TASK REQUIREMENTS |
Write out exactly the lines below starting at the one containing "Kalligrafie Elegante koraal" and ending at the one containing "Nathan James Elodia". Omit every picture.

GIVEN RECORDS |
---------------

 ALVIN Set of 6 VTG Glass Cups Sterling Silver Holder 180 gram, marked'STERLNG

---------------

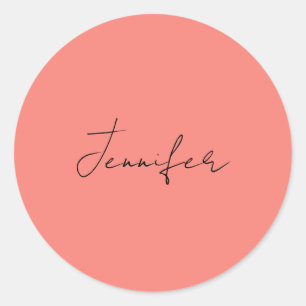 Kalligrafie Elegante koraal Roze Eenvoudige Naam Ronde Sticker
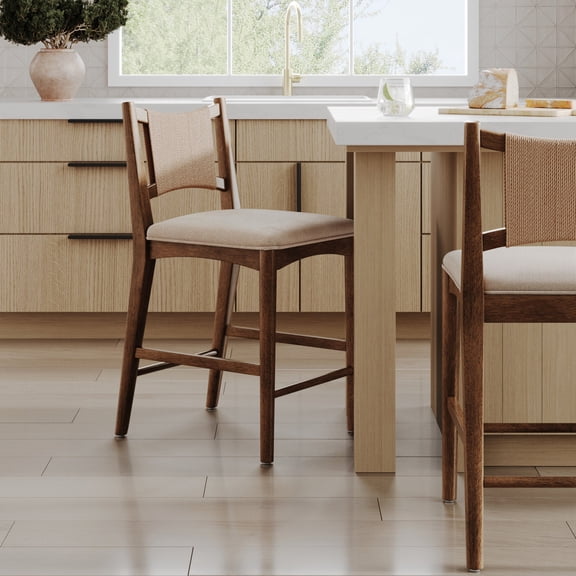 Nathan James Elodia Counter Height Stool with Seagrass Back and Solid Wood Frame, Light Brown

---------------

TASK SOLUTION |
 Kalligrafie Elegante koraal Roze Eenvoudige Naam Ronde Sticker
 Nathan James Elodia Counter Height Stool with Seagrass Back and Solid Wood Frame, Light Brown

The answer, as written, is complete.